Nem mesmo a argumentação apresentada pela ministra, de que um orçamento mais apertado em emendas e recursos para encargos e pessoal justifica-se pelo agravamento da crise econômica mundial, sensibilizou os parlamentares. Além disso, os ânimos na sessão de ontem foram acirrados pela manifestação de sindicalistas de categorias federais, que tentaram invadir o auditório no Congresso e foram barrados à força pela segurança da Casa.

Os dois primeiros deputados a falar, após a exposição inicial da ministra, desconsideraram as projeções do Ministério do Planejamento quanto à evolução de programas federais entre 2011 e 2012 ou o Plano Plurianual (PPA 2012-2015), e foram direto à questão das emendas. Enquanto Rogério Marinho (PSDB-RN) criticou a extensão por mais um ano do aperto na política fiscal praticado em 2011, Márcio Reinaldo (PP-MG) afirmou que a liberação de recursos destinados a restos a pagar é lenta. “Aproveito a ministra aqui para dizer que o cobertor curto dos restos a pagar está ainda menor”, afirmou Marinho.

Mesmo parlamentares de partidos que estão no centro da base aliada defenderam maior liberação de recursos.

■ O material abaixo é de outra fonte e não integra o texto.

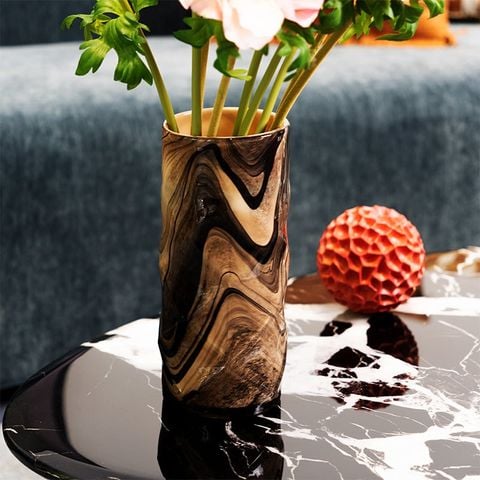 Bình Hoa Thủy Tinh Nghệ Thuật Vân Đá Marble Nâu Khói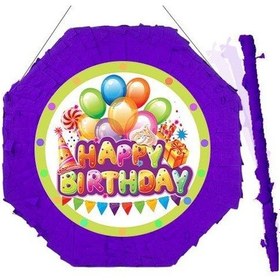 Resim Happy Birthday Pinyata Mor 42cm + Sopası Diğer 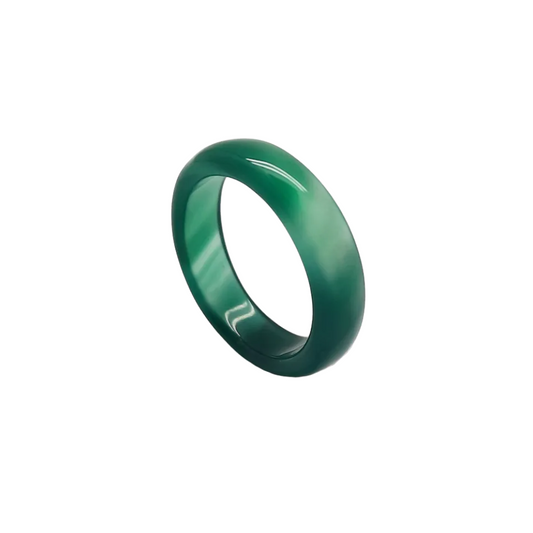 Pure Solid Green Agate Ring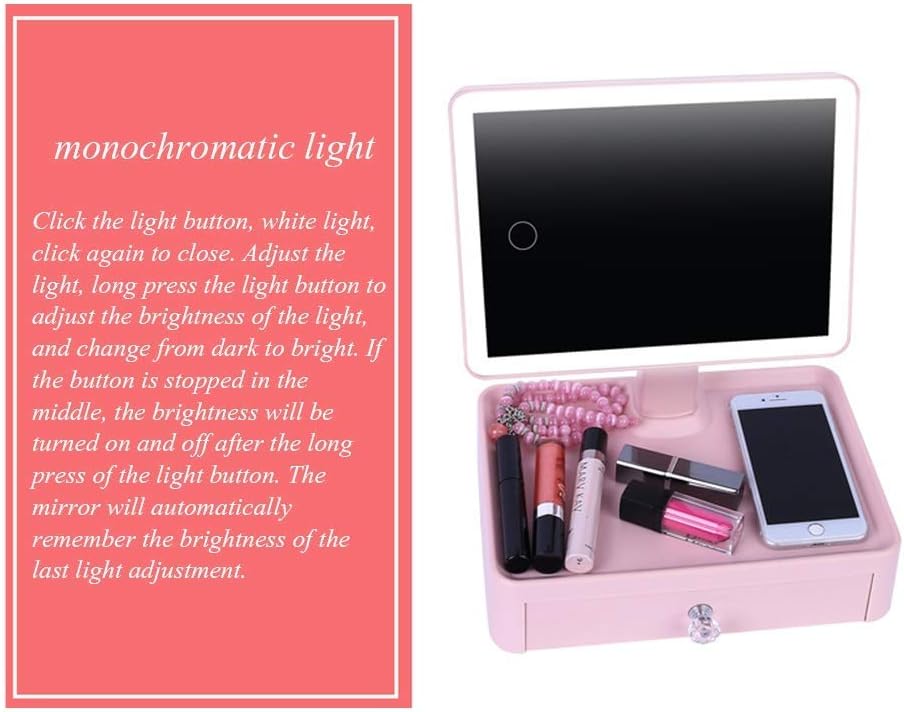 Dressing mirror Makeup Vanity Mirror with LED Lighting and Touch Screen Portable Multifunction Student Dormitory Perfect Birthday Present Beauty mirror (Color : Pink2 Size : A) image 5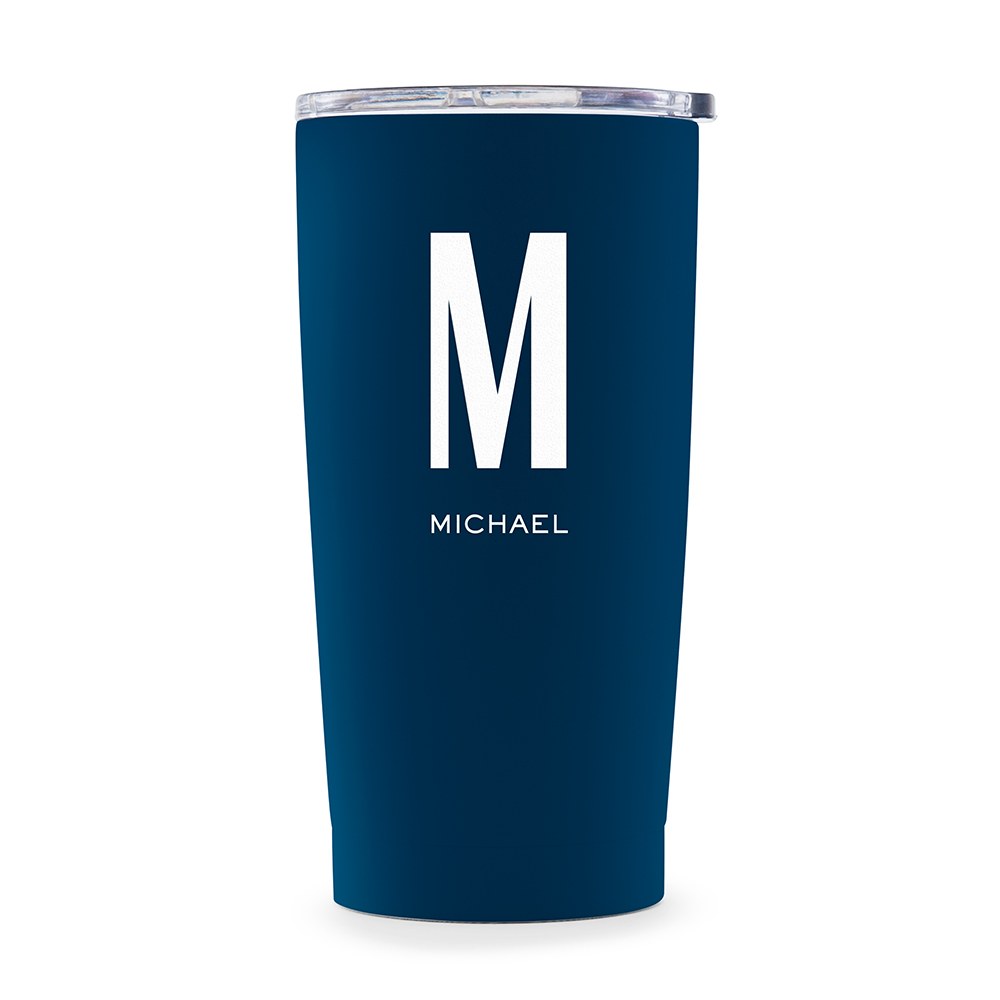 PERSONALIZED STAINLESS STEEL INSULATED NAVY BLUE TRAVEL MUG - SANS SERIF MONOGRAM PRINT - AyaZay Wedding Shoppe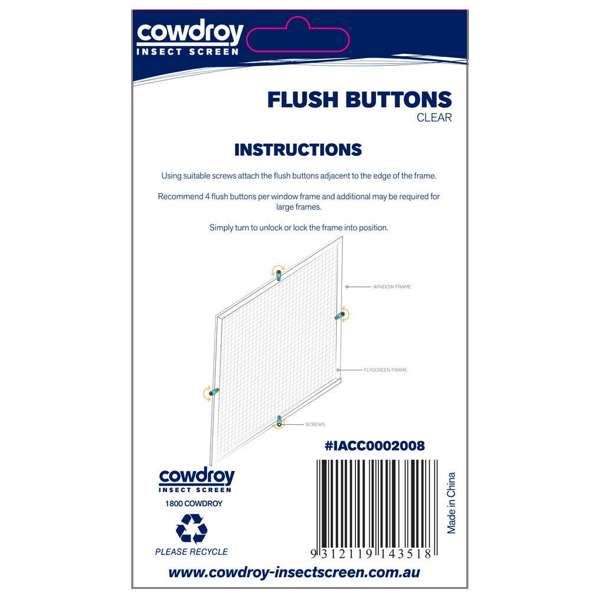 Cowdroy Flyscreen Flush Buttons Clear - 8 Pack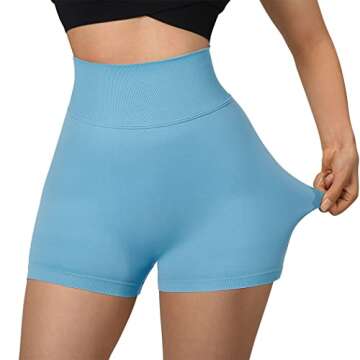 SUUKSESS Women Seamless Booty Shorts Scrunch Butt Lifting High Waisted Workout Shorts (3" Sky Blue, S)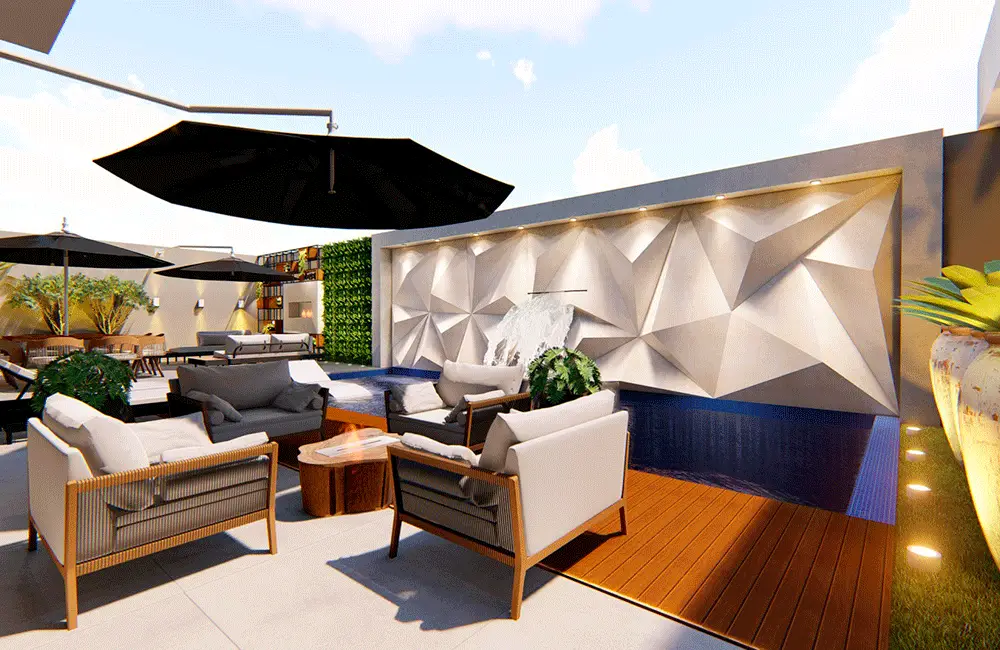 parede com páineis 3d para decoração de piscina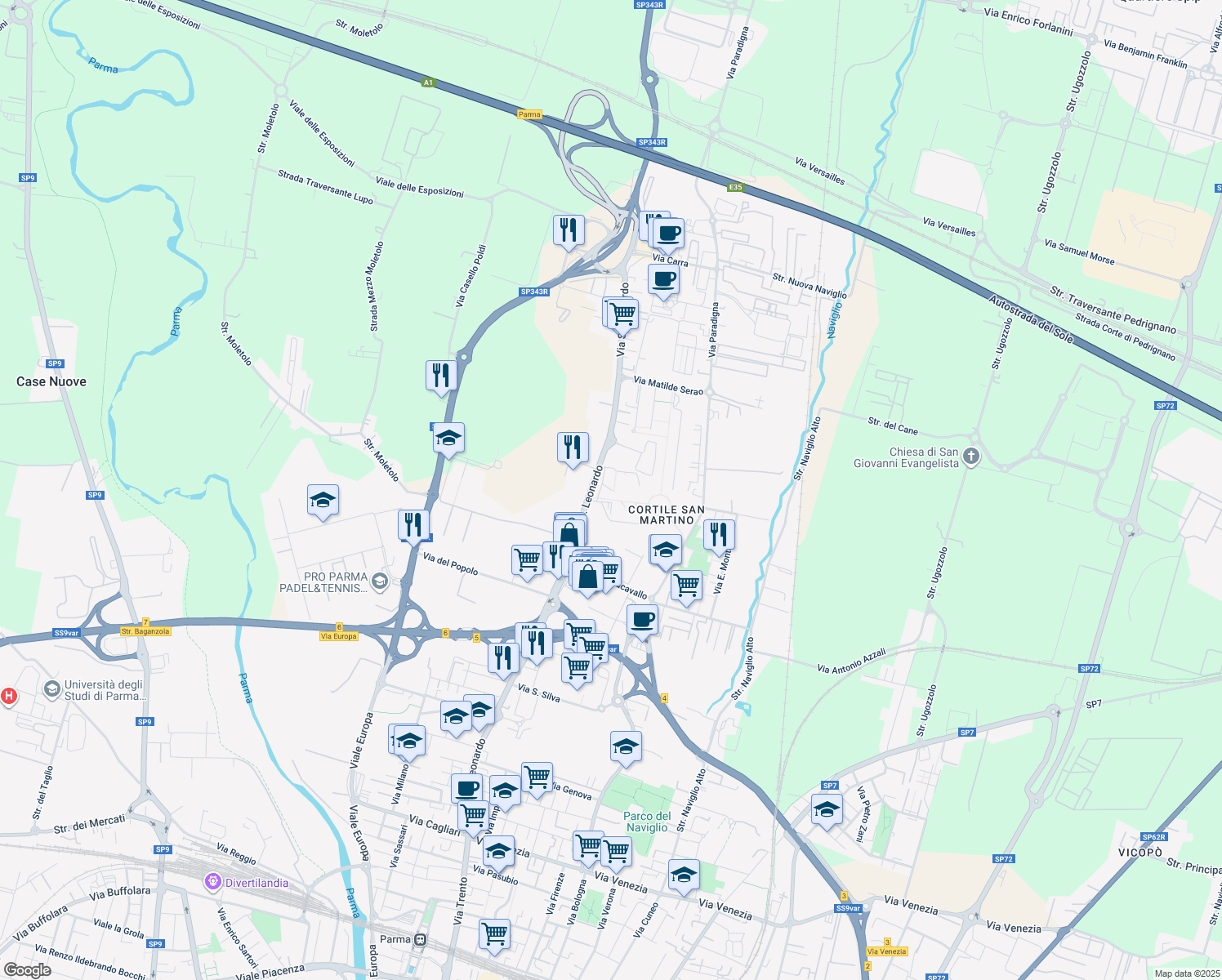 map of restaurants, bars, coffee shops, grocery stores, and more near Stradello Milena Pavlovic Barilli in Parma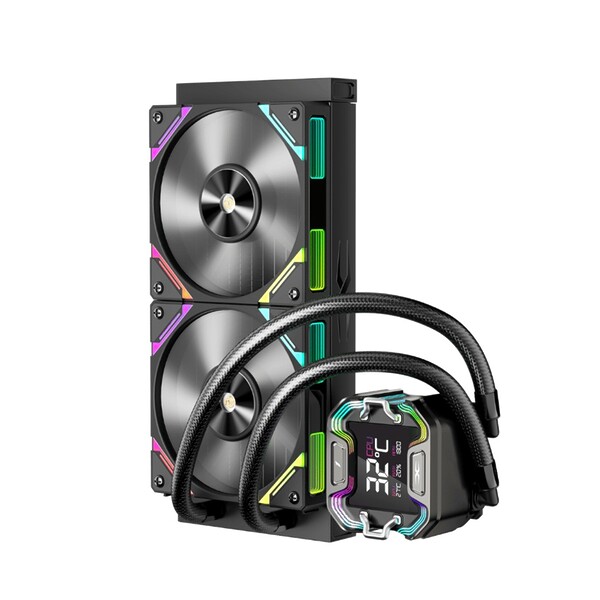 Cooler Procesor 1stPlayer® X-Starship 240E-bk, display de 2,4 inches, aRGB, compatibil AMD/Intel, negru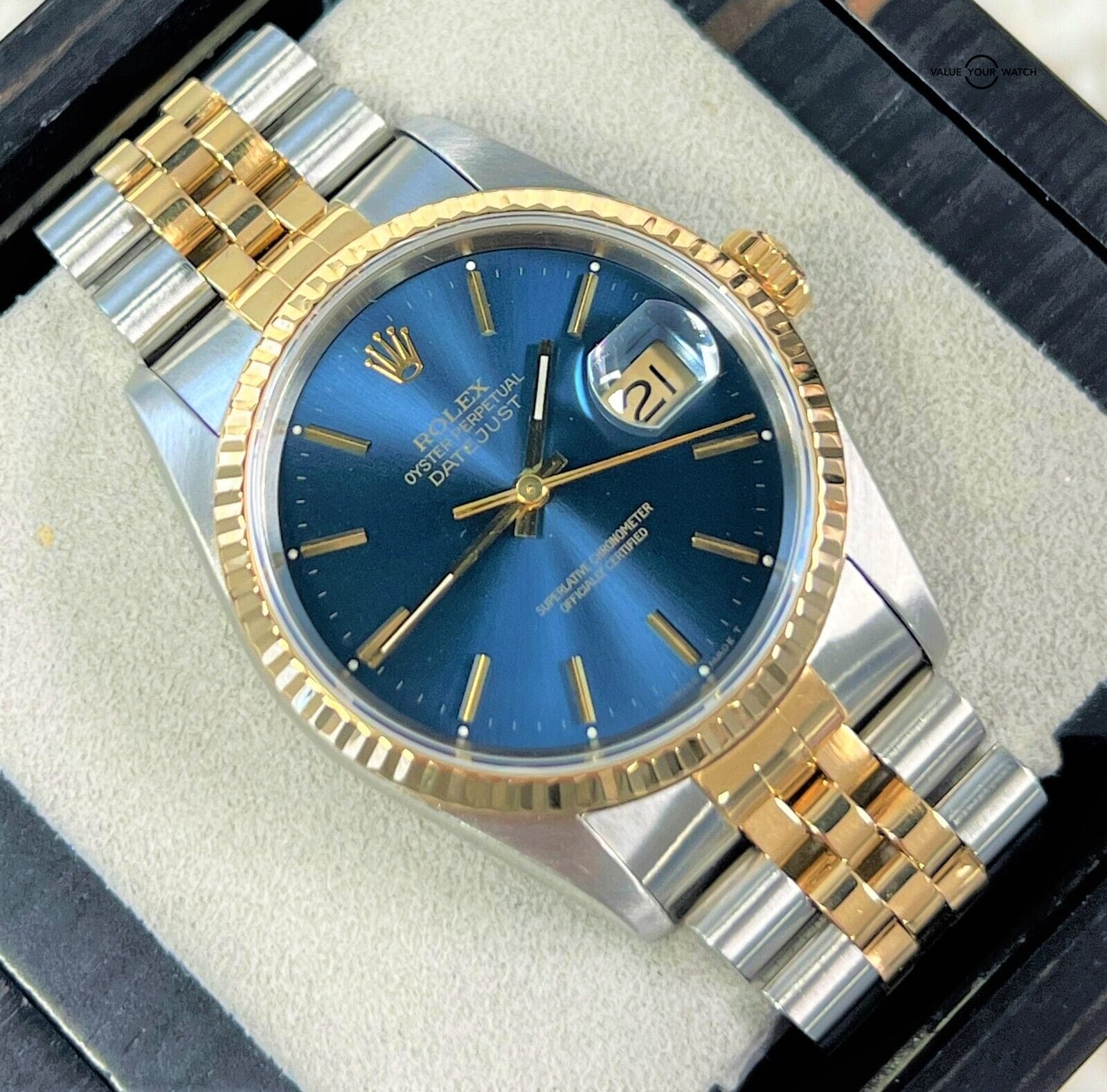 Rolex Datejust 36mm 16233 Blue Dial 18K Yellow Gold & Stainless-Steel BOX/PAPERS - Image 10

O deputado petista Gilmar Machado (MG) criticou o fato de a liberação de parte dos recursos para emendas e restos a pagar no Orçamento de 2012 estar vinculada a aprovação, pelo Congresso, do projeto que renova a Desvinculação das Receitas da União (DRU).

Inflamado pelas manifestações dos sindicalistas, que ocorreram ao final da apresentação do projeto de lei do Orçamento de 2012, o relator, deputado Arlindo Chinaglia (PT-SP), aproveitou para dar uma estocada nos críticos à proposta do governo. “Vejo manifestações contrárias e recebo e-mails de pessoas desinformadas, que ignoram completamente o fato de que o mundo atravessa uma grave crise econômica”, afirmou.

Mais sutil e respondendo aos parlamentares um a um, a ministra afirmou que a “principal lógica” por detrás do projeto é a do agravamento da crise mundial. Segundo Miriam, os técnicos do Planejamento desenharam o Orçamento entre junho e julho deste ano, quando a situação mundial “já era ruim” – quadro que piorou de lá para cá.

“O que a Grécia veio a fazer no meio do ano foi o que fizemos logo no início do ano, quando cortamos o Orçamento de 2011 em R$ 50 bilhões, ao mesmo tempo em que o Banco Central fazia uma série de medidas macroprudenciais para controlar a concessão de crédito”, afirmou Miriam.

Assim, o governo espera conter os ânimos de parlamentares quanto às emendas e
de integrantes do Judiciário, que estão à frente no debate sobre reajustes nos salários – o presidente do Supremo Tribunal Federal (STF) defende fortemente o reajuste de 14,8% nos salários do Judiciário. Ontem pela manhã parlamentares do governo conseguiram obstruir articulação de deputados do DEM e do PSDB, liderada por Pauderney Avelino (DEM-AM), que desejavam incluir requerimento na Comissão de Finanças e Tributação da Câmara envolvendo o reajuste nos salários do Judiciário.

“Não nos parece que caberia no Orçamento a proposta de reajuste do Judiciário, que acarretaria em gastos adicionais de R$ 7,7 bilhões. Nós queremos garantir os investimentos, e para isso precisamos dos recursos”, afirmou Miriam.